In an article at navweaps.com they had this to say about this gun:

Probably the best automatic cannon anti-aircraft weapon of World War II, Bofors guns of this type remained in service long after the war ended. This weapon was used on almost every major USA and UK warship of World War II and was a very potent AA gun.

The US Army was also interested in this weapon and tested a single air-cooled model in 1937. In 1940 the Chrysler Corporation agreed to begin manufacturing air-cooled guns utilizing British blueprints. The USN acquired many of these air-cooled guns during the war, although the quantity used was far less than that of the water-cooled guns.

The US Navy had a good deal of pre-war interest in this weapon and BuOrd purchased a sample of an air-cooled twin version from Bofors in early 1940. This arrived in New York from Sweden on 28 August 1940. During the same month, the Dutch escort vessel van Kinsbergen demonstrated these weapons to USN observers in a test off Trinidad.

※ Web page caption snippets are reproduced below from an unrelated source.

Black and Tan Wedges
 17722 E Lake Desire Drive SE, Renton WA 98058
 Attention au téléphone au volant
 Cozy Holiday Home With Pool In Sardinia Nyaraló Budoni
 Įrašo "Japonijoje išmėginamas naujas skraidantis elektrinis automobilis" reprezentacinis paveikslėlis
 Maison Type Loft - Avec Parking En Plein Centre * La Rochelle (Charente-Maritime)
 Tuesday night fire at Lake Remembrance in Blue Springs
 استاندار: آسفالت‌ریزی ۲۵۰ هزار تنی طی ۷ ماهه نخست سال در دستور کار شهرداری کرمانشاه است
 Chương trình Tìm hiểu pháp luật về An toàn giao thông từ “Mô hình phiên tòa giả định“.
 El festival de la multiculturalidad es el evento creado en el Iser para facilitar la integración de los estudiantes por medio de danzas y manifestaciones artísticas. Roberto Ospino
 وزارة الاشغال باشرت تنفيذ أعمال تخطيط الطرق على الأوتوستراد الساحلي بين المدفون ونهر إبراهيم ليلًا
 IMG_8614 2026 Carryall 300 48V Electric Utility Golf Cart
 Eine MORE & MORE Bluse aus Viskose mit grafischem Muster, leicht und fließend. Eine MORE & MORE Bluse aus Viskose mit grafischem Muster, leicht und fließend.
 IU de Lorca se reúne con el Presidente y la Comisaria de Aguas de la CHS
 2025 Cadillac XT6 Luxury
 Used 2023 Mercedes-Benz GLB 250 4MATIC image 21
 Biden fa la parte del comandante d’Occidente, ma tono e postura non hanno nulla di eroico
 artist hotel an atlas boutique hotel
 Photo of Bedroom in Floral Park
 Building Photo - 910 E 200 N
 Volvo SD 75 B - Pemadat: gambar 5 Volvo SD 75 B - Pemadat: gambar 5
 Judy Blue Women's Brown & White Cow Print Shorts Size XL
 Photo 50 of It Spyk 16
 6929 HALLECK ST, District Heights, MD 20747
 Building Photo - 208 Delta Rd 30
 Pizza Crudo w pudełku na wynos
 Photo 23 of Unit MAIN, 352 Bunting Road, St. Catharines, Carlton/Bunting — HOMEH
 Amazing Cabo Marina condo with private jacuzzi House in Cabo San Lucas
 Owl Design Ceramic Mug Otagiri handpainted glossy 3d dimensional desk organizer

BuOrd formally obtained Swedish licenses in June 1941, although some manufacturing actually started prior to that time. Terms of the license included $500,000 for the manufacturing rights plus $100,000 for two Bofors engineers to help set up production. The two engineers were never sent, so as a result this $100,000 was not paid. Bofors delivered a complete set of metric drawings as part of their end of this contract.